Of course, people die and they try to cover it up and Mangu tries to find out how and why his mother died. His path intersects with Saira Sabharwal who is now the heart of the hospital… Will the heart also go over to the dark side? Will the activists fighting for Mangu’s rights ever get justice?
This show would have been brilliant had they not taken so long to make a case. They have bizarre, unexplained goings-on with everyone. Seema Biswas leads a band of orphaned and abused rescue nurses who are on a drug trial separately. It makes them giggle and smile for no reason at all. Gauri Nath herself seems bonkers in her love with her dead son and no explanation is given as to why and what she’s injecting herself with ever so often. Why Kirti Kulhari is a lesbian who hasn’t come out of the closet is odd too. Her gender preferences have nothing to do with the plot except it’s become fashionable to show women kissing in the show. Ram Kapoor, too, walks in and out of the story as Gauri’s spouse who does his own thing…
There is so much needless complication (the makers might think this is very clever), the audience won’t last beyond the first episode. There is way too much content available for the viewers for them to wait to see where Gauri Nath’s plot to make money off a new drug is going.
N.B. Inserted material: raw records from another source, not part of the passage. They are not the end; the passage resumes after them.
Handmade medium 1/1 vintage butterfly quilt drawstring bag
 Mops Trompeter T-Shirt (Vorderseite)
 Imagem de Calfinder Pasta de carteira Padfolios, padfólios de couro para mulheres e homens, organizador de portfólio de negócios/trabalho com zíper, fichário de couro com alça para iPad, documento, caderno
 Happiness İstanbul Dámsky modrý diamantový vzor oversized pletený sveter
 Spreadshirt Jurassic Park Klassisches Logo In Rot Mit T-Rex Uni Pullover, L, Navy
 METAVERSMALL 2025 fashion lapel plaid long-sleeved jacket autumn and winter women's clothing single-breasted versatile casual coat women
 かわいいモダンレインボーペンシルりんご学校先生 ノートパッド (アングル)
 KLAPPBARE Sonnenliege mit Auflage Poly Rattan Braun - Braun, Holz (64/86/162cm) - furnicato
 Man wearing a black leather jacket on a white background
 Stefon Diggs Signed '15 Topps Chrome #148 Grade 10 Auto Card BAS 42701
As a die hard fan of Shefali Shah, I knew this was a jackpot: Shefali Shah as an evil queen who doesn’t care if poor people die. Shefali Shah sashaying around in kaftans seducing politicians for the sake of her hospital. Shefali Shah as a mother grieving for her dead son. Shefali Shah battling demons of the past by injecting herself with some drug. Shefali Shah ensuring how anyone who opposes her dies. Shefali Shah seducing Kirti Kulhari… Wait, what? Why?
The luxury of six episodes that are in reality an annoyingly slow and mostly pointless elaborate set up for the explosion of violence in the end is useless for an OTT audience who wants everything yesterday. What is the point in having an elaborate and complicated plot if you lost the audience before the first episode? Even the Saas-bahu TV episodic shows that last for years know that every half hour show (22 minutes, really) needs to have three cliffhangers to retain the audience. Although this human is enamored of Shefali Shah’s saucer eyes, it was a punishment to go through the rest of the nonsense that is this show (including an attempt to milk the gas tragedy that struck Bhopal nearly 40 years ago). I could’ve used the fast forward button, but then this review would have been insincere… Watch it if you’re a Shefali Shah fan, but make sure you don’t throw the remote at your screen for the ‘We’re so cool and grisly’ ending. I just muttered many vituperatives under my breath and took refuge in a hot cuppa joe.